Sometimes, you just should say ‘no’ – The Before

Silence from me as of late, but for very valid reasons.  On top of general life, work, running a late night parental taxi service and so on, I have been preparing to sell my house (it sold in a week), and then I got myself in a total pickle with the local church.

I was chatting to a parishioner, who mentioned that they had been let down by decorators as the church was long overdue for a repaint.  He then told me the quote they had been give, which was shockingly huge.  And then, more fool me, the worlds shot out of my mouth ‘oh I can get it done for you for far less and immediately’.  As the words came out, his face lit up and I was pretty much hired on the spot.

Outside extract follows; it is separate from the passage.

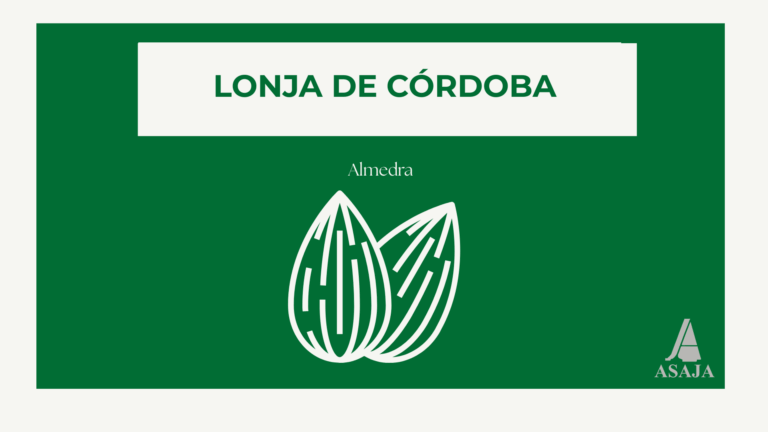 Lonja de Almendras. Córdoba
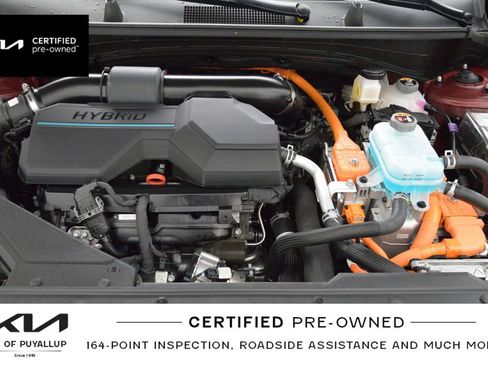 Used 2024 Kia Sportage X-Line image 20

Now this church is not small.  It has 13 meter ceilings, huge cross beams running throughout and needed to be used every weekend between painting.  It was also black with 10 years of soot from candles.  The photos below show how grimy it was.  Once upon a time this was pale pink.


Before I knew it, I had booked myself out of other work for 2 weeks, pulled in a fellow female whizz with the paintbrush, hired a cherry picker, had a moveable scaffolding erected and sorted out hardcore industrial insurance.

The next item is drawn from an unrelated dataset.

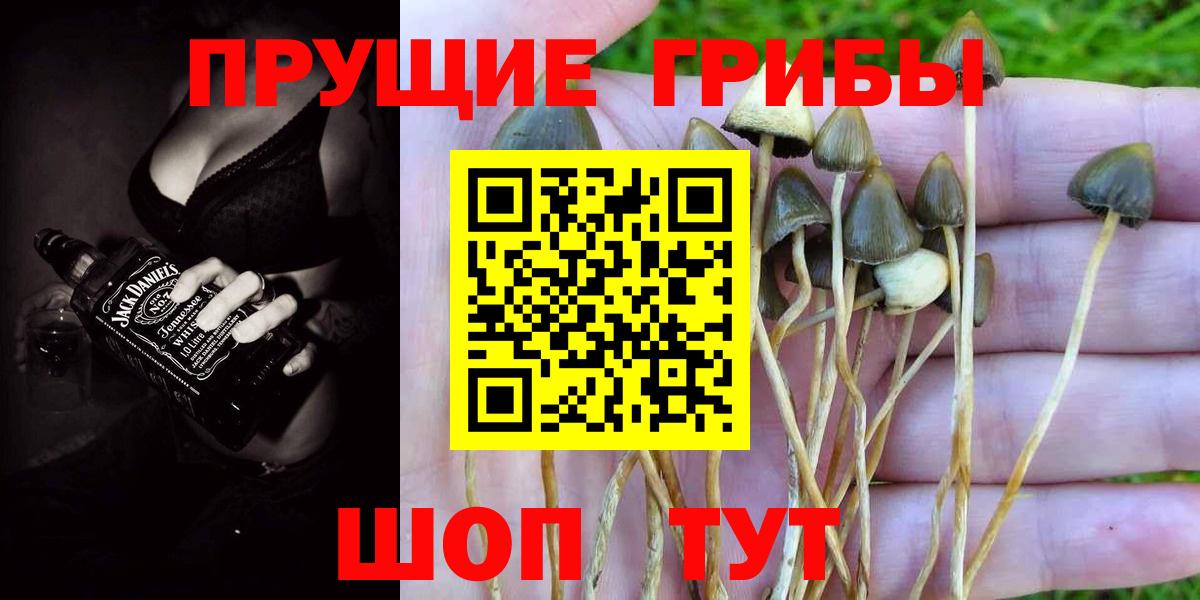Галлюциногенные грибы Psilocybine cubensis Амурск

We attempted to wash the walls, but the soot just spread around.  So they were sealed first with a PVA bond, so that the paint would take, and then the HUGE task of painting started.


Look at the beast of a cherry picker!  Every time we needed to do a new area we had to move dust sheets, pews, sometimes the altar and so on.  Plus at weekends it had to be cleaned and shifted back into being a working church.  My muscles are aching, and I managed a spectacular topple off the cherry picker (while it was grounded) which resulted in a torn ligament in my knee and trip to the osteopath.  But as a plus I also got a huge, wide roller to speed things up, which is amazing.  I shall never moan when I have to paint a normal sized room again, or even a ceiling.

We are up to over 160 litres of paint so far.  The sacristy end of the church was so sooty that it needed 3 coats of paint to give a crisp and clean finish.  But we have done it all in 2 weeks as promised.

Here is my partner in crime Angelique on the cherry picker.  She is such a whizz that I have renamed her Davros after the Dalek leader as she shoots about on it.


So we have a day left before I can do the final reveal, just some woodwork left to finish and tweaking.  But it has been monumental, and I will now think before I speak next time.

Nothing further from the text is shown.